I’m interested in parallelizing a LCF based random number generator.

I’m not interested in examining other types of RNGs at this time , such as the merseinne twister.

It’s readily apparent to me that the LCF is quite easily parallelizable by generating subsequences of the LCF sequence on multiple processors.

What is not apparent to me is how to implement such a parallelization so that the results are reproducible.

Consider the following hypothetical approach:

  1. Generate 100 billion random values
  2. CUDA determines number of GPUs available to run subsequences and generates 100 billion/# of cores values on each GPU.
    NOTE: There would not necessarily be an equal number of values generated on each core because 100 billion/# cores may not be an integer.

If one applied the same random value generation approach on another computer with fewer cores, or if the number of available cores changed, then the number of values generated per core would be different.
I don’t think one would be guaranteed to have reproducible results under such a scenario.

Question:
Does anyone know of an approach to parallelize LCF RNGs that can handle, e.g. have reproducible results, situations where the number of available cores can change?

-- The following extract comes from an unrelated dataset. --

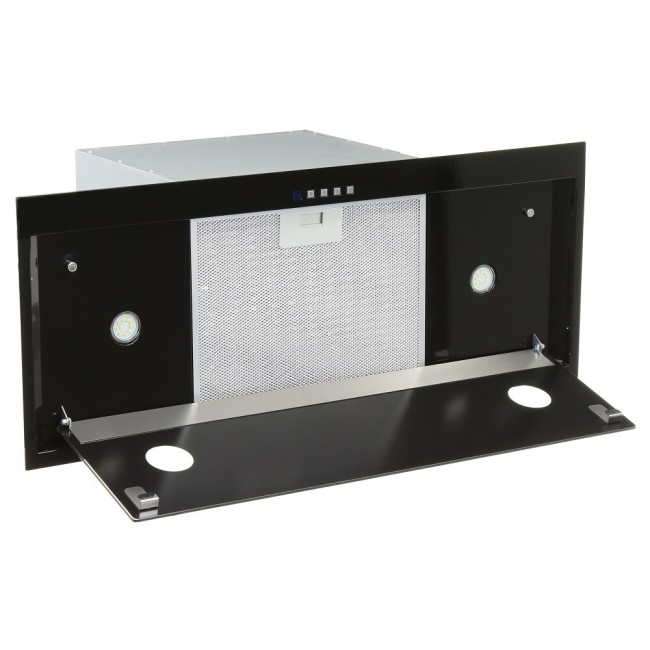 Встраиваемая вытяжка Akpo WK-10 Neva glass 80 черный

Barring that, is it possible to tell CUDA how many GPUs to use for a particular algorithm? e.g. specify the number of subsequences to run for the LCF. While not optimal, I could at least implement an LCF RNG by specifying the number of GPUs one HAS to use.

Dave

p.s. I’m very new to the whole CUDA programming topic and mostly new to parallel processing so please bear with me :)

Yes. Read this paper by Van Meel et al. http://arxiv.org/PS_cache/arxiv/pdf/0709/0709.3225v1.pdf There is a section on random numbers. (note that they benchmark agains the C stdlib rand() and not an optimized CPU calculation).

Or download their source from:

http://www-old.amolf.nl/~vanmeel/mdgpu/index.html

I really cannot recommend LCF for any serious application, though, even the one they report in that paper. I hope you are just doing this as an exercise.

You just need to run multiple host threads and have each host thread call cudaSetDevice to run on different devices.